# Any website to list the oncoming placement of engineers



## bkpeerless (Sep 14, 2011)

I am looking for website where the list of companies carrying out pool campussing or out-placement for engineers. Is there any website which keep track of these..
pls tell. I am in 4th year ECE and really need help in campussing..


----------



## v.Na5h (Sep 14, 2011)

i too need the same

btw atleast mention the city


----------



## gagan007 (Sep 14, 2011)

I cannot help with that but eLitmus :: One Aptitude Test for Many Freshers' Jobs | eLitmus.com is one website which helps freshers get into various companies. My organization does not recruit freshers through employee referral or walk-ins (for reasons unknown/elusive to me) but they pick candidates regularly from elitmus.
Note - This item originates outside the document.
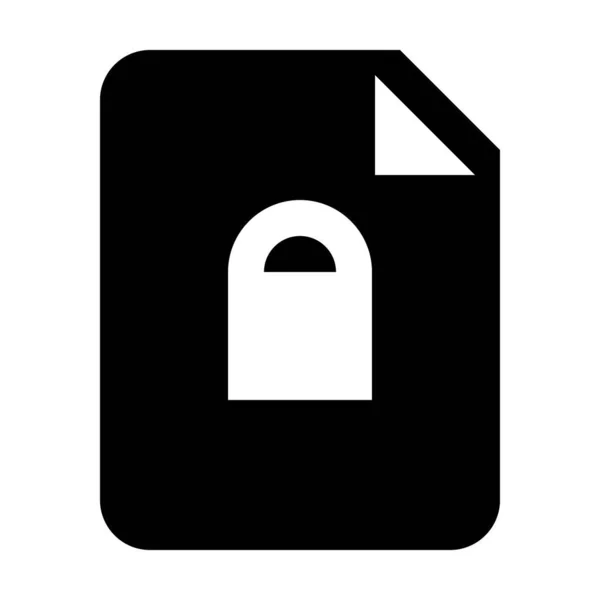 Beveiligd Document Pictogram Vector Met Lock Bestand Voor Zakelijke Applicatie — Stockvector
Do check out 

and all the best, because it seems that hard times are ahead.


----------



## v.Na5h (Sep 14, 2011)

^ there are lot of apti-test sites like that 
myAMCAT is one of them.

but i dont think they are much helpful...

but yes.... better something than nothing


----------



## xtremevicky (Sep 14, 2011)

Get 80 percentile in Elitmus and you shall be very close to Accenture .
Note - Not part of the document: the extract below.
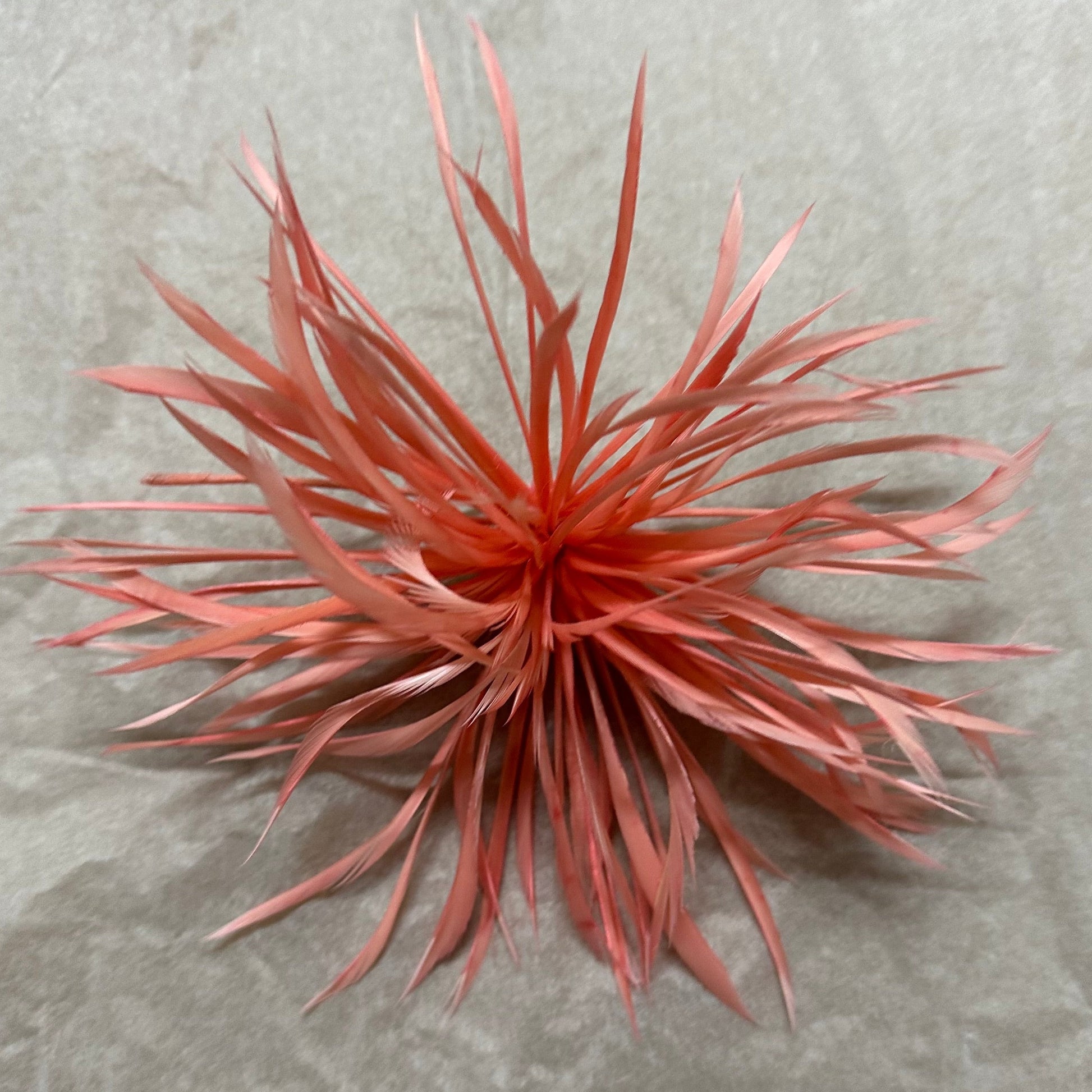 pink peach Biot Feather Star Flower on Wire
Worth the money you spend on it . 

There is a forum also which lists walkins . I cant remember that .


----------



## v.Na5h (Sep 14, 2011)

is it entrance-exams.net


----------



## xtremevicky (Sep 14, 2011)

No another .

Chetan's forum !


----------



## gagan007 (Sep 15, 2011)

v.Na5h said:


> ^ there are lot of apti-test sites like that
> myAMCAT is one of them.
> 
> but i dont think they are much helpful...
> ...



Buddy, no one cares what you think, I told you what is the truth. Accenture has been hiring a lot of freshers through elitmus which shows it works! If you are reading newspaper regularly you would know that Accenture is going to hire thousands in coming months. You could have a chance if you try sincerely. It is just a matter of Rs.750 (for elitmus).


----------